◆ **Required work**
Write out the material below exactly, beginning at the line that contains "Такие приманки — под задачу?" and ending with its last line, both ends included; write nothing else.

◆ **The data**
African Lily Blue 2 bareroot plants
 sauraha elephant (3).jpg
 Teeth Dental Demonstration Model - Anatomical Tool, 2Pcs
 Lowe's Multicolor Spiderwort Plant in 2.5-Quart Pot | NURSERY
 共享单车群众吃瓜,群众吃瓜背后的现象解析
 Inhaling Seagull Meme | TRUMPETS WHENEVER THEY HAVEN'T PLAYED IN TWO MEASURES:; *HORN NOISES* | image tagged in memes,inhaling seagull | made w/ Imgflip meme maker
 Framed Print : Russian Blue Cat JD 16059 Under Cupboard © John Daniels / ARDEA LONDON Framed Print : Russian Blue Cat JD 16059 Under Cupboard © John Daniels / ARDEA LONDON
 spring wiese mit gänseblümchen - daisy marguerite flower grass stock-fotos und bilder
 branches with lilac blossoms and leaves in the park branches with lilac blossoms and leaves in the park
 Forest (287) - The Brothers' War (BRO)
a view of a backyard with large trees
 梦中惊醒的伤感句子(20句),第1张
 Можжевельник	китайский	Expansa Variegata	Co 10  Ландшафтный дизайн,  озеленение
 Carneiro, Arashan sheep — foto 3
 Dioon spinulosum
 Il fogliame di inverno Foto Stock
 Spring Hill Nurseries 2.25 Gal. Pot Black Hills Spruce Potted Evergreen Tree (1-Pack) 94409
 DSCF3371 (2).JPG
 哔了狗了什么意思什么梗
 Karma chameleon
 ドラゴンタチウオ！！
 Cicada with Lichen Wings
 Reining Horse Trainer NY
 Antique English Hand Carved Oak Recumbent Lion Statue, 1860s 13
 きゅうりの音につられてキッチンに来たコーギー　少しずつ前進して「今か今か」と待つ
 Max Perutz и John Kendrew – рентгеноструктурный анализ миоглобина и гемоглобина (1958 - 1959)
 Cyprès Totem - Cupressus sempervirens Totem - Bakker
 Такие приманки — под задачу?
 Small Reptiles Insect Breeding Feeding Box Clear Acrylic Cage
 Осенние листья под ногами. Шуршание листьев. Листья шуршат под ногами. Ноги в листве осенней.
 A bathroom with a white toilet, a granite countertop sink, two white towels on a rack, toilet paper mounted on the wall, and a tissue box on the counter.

◆ **Response area**
 Такие приманки — под задачу?
 Small Reptiles Insect Breeding Feeding Box Clear Acrylic Cage
 Осенние листья под ногами. Шуршание листьев. Листья шуршат под ногами. Ноги в листве осенней.
 A bathroom with a white toilet, a granite countertop sink, two white towels on a rack, toilet paper mounted on the wall, and a tissue box on the counter.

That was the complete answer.